First one involved a clown on a motorbike who thought it would be a good idea to try and stop me on the A1M. Lets see, i have my wife and stepson in an 1800kg skoda travelling at 70mph and you're going to try and force me to stop in a 120lb dirtbike? 
Second one was some lunatic who got in the wrong lane and then forced two cars and a lorry out of the way to get past me and force me to stop after i beeped him when he cut me up on a roundabout because he was too impatient.


----------



## Caledoniandream (Oct 9, 2009)

Have a Trancend 200 pro in all my vehicles.
Only forward viewing.
Does everything it should do, I don't want GPS, speed, or sound recorded (everything you say, may and will be used in court blah,blah, blah) 
Only forward facing, and it sit there a bit like an airbag, just in case.
Check them regular if working, but not really interested in footage, unless something happens.
Defiantly not a Youtube warrior, not interested in near misses, agresive drivers and idiots ( as long as they don't hit me)


----------



## Crafty (Aug 4, 2007)

I've got a mobius. Initially I was looking at the mini 80x range but they seem to have gone downhill, too many features not working, units packing up or not recording properly, quite a few overheating to the point of melting their casing too.

Mobius is cheap (£45), has good quality video and is small enough to hide behind the rear view mirror.

As above, no gps, no speed and you can turn the microphone off. 

I've got it simply to protect myself from claims if some numpty does something stupid. Sad fact is you cannot rely on your insurers at any time, so should an accident happen the more evidence you have the better.


----------



## brinks (Jun 21, 2006)

I have a MINI 0806 in my Golf, only chose this model as its small and has a great lens.

You can't see it from outside of the car and I've had plenty of passengers in the car who haven't even noticed its there.

Mine has worked flawlessly and is there just for a bit of protection in case of an accident that isn't my fault.
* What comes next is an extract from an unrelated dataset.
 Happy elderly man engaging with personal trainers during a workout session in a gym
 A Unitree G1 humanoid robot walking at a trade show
I've mounted it up at the top of the windscreen next to the rear view mirror and it gets great footage.


----------



## sistersvisions (Jul 28, 2010)

I have one of these..an A118c. I wanted one that stuck to the screen without having one of those big sucker things. Cant fault it so far, been using it now for 3 months.


----------



## Shiny (Apr 23, 2007)

X4000 from Dealextreme in the ATR and a Mini0805 in the Civic (Daily).

The X4000 is a few years old now, rear and forward facing, cost me circa £40 from memory. Was the smallest available at the time. Every so often the first recording of the loop on start up errors, but other than that has been OK. Will be replacing it with a Mini 080(lastest number) when it gives up the ghost.
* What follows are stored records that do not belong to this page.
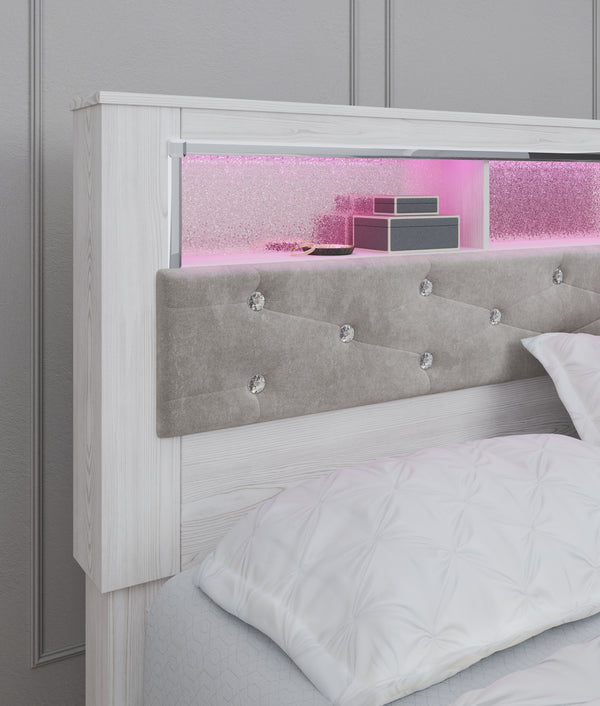 a pearlized finish and button-tufted upholstery bring a glam touch to the richly rustic appearance. Remo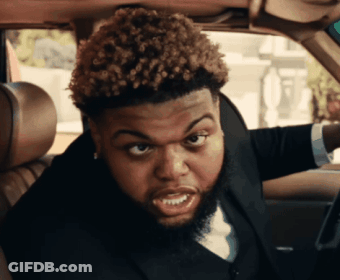 Man With Curly Hair And Beard Sitting In Car GIF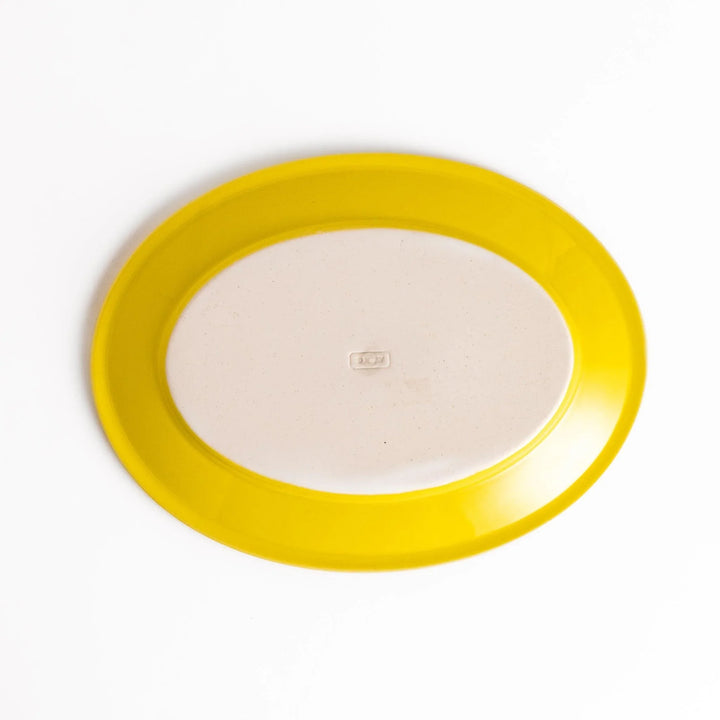 Durable and elegant yellow ceramic salad plate, adding a pop of color to your table setting.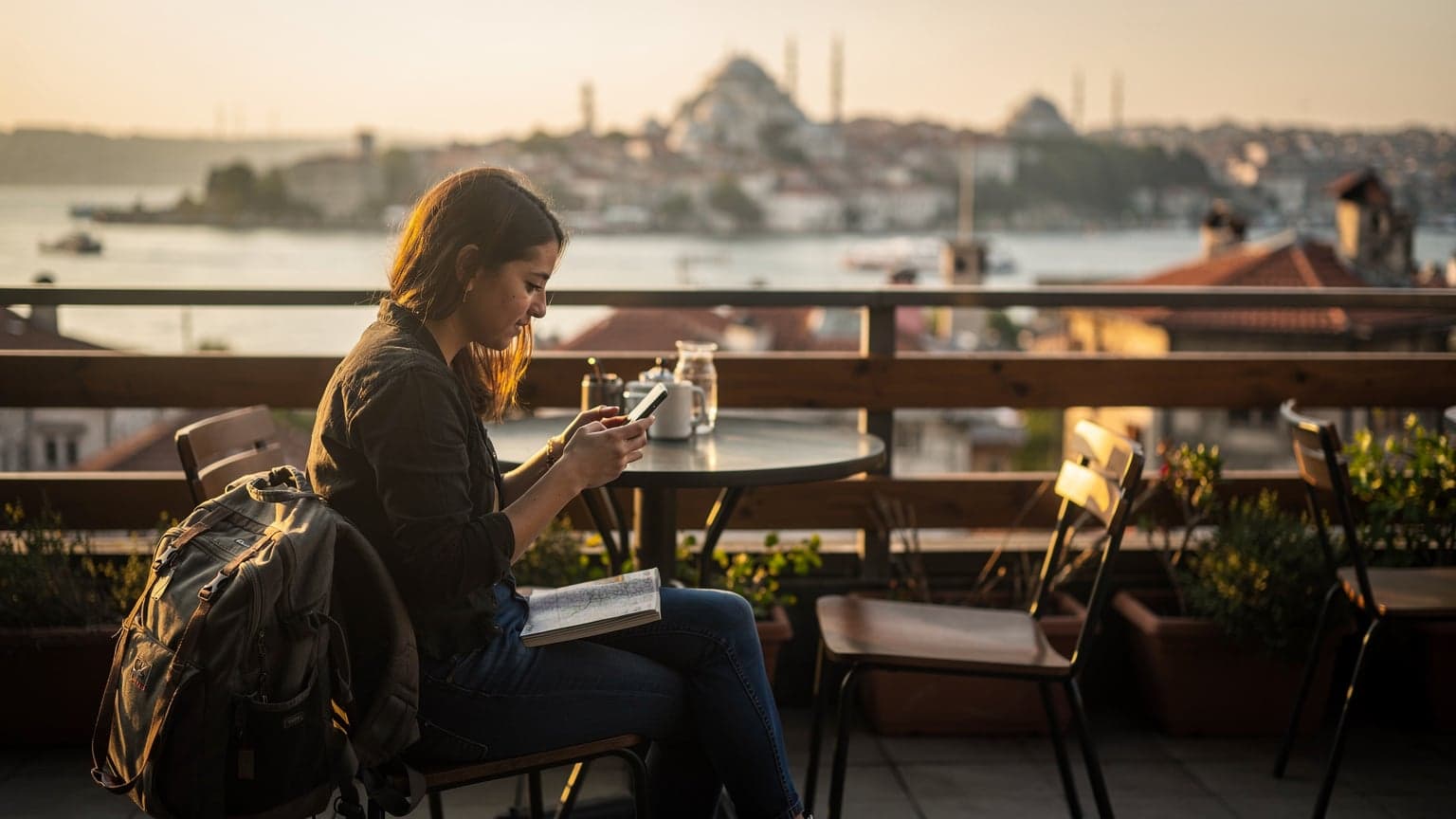O femeie tânără cu rucsac, verificându-și telefonul la o masă exterioară, cu vedere la Bosfor, în Istanbul, la apus.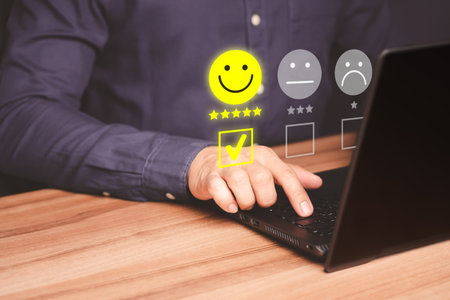 Man hand using computer laptop with popup five star icon for feedback review satisfaction service, testimonial. Customer service experience and business satisfaction survey.の写真素材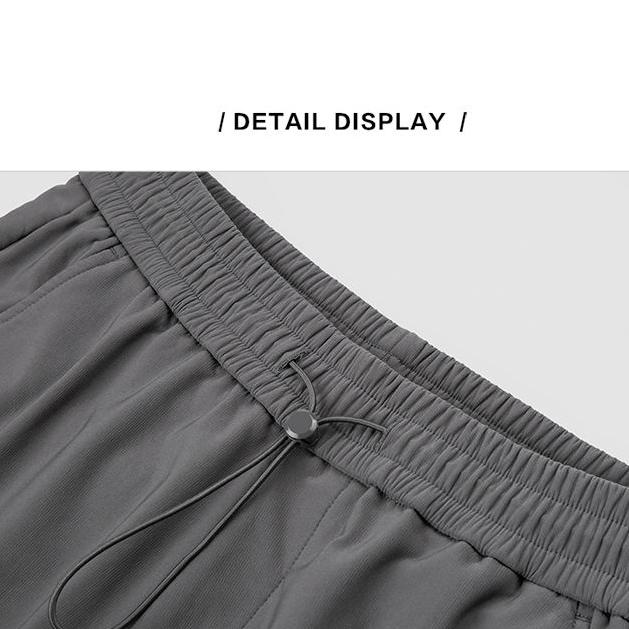 Comfortable men's casual shorts with adjustable waistband for everyday wear and outdoor activities. Featuring durable fabric and a modern design for versatile styling.
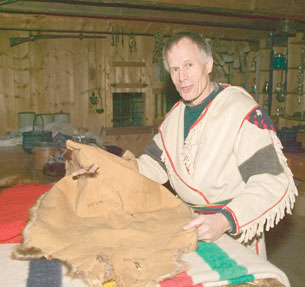 A photograph of a man examining a beaver pelt. The person is within a wooden building with many older technologies like oil lamps and power-loaded rifles. The man is wearing a wool tunic that is of a style worn by many Metis trappers in the late 1800s.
The Mini0805 is a great bit of kit for the price, had it a while now, been faultless, excellent video quality and very discreet. Think i paid circa £50 for it.
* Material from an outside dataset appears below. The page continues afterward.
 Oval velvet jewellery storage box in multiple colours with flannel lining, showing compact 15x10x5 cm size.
Reason for purchase was a couple of incidents of road rage, including someone trying to run me off the motorway with my family in my car and then doing an emergency stop in front of me. Also, great back up in the event of a claim, I see so many claims come in with different versions of events which would have been nipped in the bud if dash cam footage was available.


----------



## DrEskimo (Jan 7, 2016)

Had a G1W for a couple of years. At £35 it worked extremely well. 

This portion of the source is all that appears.